Seminar: Literature and Interdisciplinary Studies

10:10a-12:05p W (15) 3 cr.


Themes of risk, danger, thrill, heightened experience, threats of death and extinction, tampering with nature, finding god in nature, adapting to nature, and playing god with nature run through recent autobiography,biography, nature narrative, "environmental literature," cultural criticism, and "ecocriticism." This course will study the imagining of nature from these risk and heightened-sense points of view. These themes are sometimes Darwinian. Quite often, they come to us as updated brands of traditional natural theology. Neocreationism versus Darwinian evolution controversies have many counterparts in the current literature and criticism on "nature." We'll interrogate some of those theological and evolutionary controversies.

The course reading will mostly but not entirely come from the past few decades. We'll read Jon Krakauer's bestselling biographical narrative Into the Wild whose protagonist "in his fashion, merely took risk taking to its logical extreme." We'll also read Krakauer's other gripping narrative on extreme mountain activity and risk, Into Thin Air: a Personal Account of the Mt. Everest Disaster We'll read Edward Abbey's Desert Solitaire: a Season in the Wilderness. Our main literary anthology in the course will be Literature and the Environment, an anthology of works by Annie Dillard, Ursula K. Le Guin, Pat Murphy, Joyce Carol Oates, Sarah Orne Jewett, Ernest Hemingway, Jack London, John McPhee, Peter Coyote, Aldo Leopold, and many other major twentieth-century writers on nature. The anthology also has a section on cultural commentary featuring writers from Rachel Carson to Rush Limbaugh and beyond. We may also read William Faulkner's short novel The Bear.

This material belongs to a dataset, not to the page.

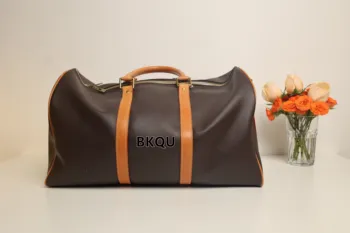 Черна чанта през рамо 2023, дамски модни брандираната чанта BKQU, висококачествена чанта-месинджър чанта на верига, черна чанта-месинджър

Evolution, risk, and specters of extinction loom large in some of the best cultural criticism and commentary on science from our times. We'll read W.J. T. Mitchell's fine piece of criticism, The Last Dinosaur Book which explores the dinosaur fascination among children and all the rest of us. In conjunction with Mitchell, we'll read the novel Jurassic Park and also see the film based on that novel. Speeded up adaptations and experimenting with evolution also loom large in Jonathan Weiner's The Beak of the Finch: a Story of Evolution in Our Time, probably the best and clearest popular current book on Darwinian evolution. While thinking about evolution, we may or may not manage to fit in Kurt Vonnegut's futuristic novel Galapagos. To gain some historical perspective, we'll also read a few selected excerpts from nineteenth-century natural theologians, nature religion, and evolution writers.

This is a small class. Our weekly meetings will mostly be devoted to discussing the assigned readings and the issues raised by them. Students will write short informal commentaries on the readings (usually of paragraph or so length), a short 5-6 page paper, and a longer seminar term paper in the 12-15 page vicinity. We'll also attempt some trips out into local Indiana nature, weather permitting. I don't foresee our excursions taking any great risks or being too extreme. However, we will try to think about the relationship between our readings in literature and criticism and our own diverse ways of experiencing and imagining nature.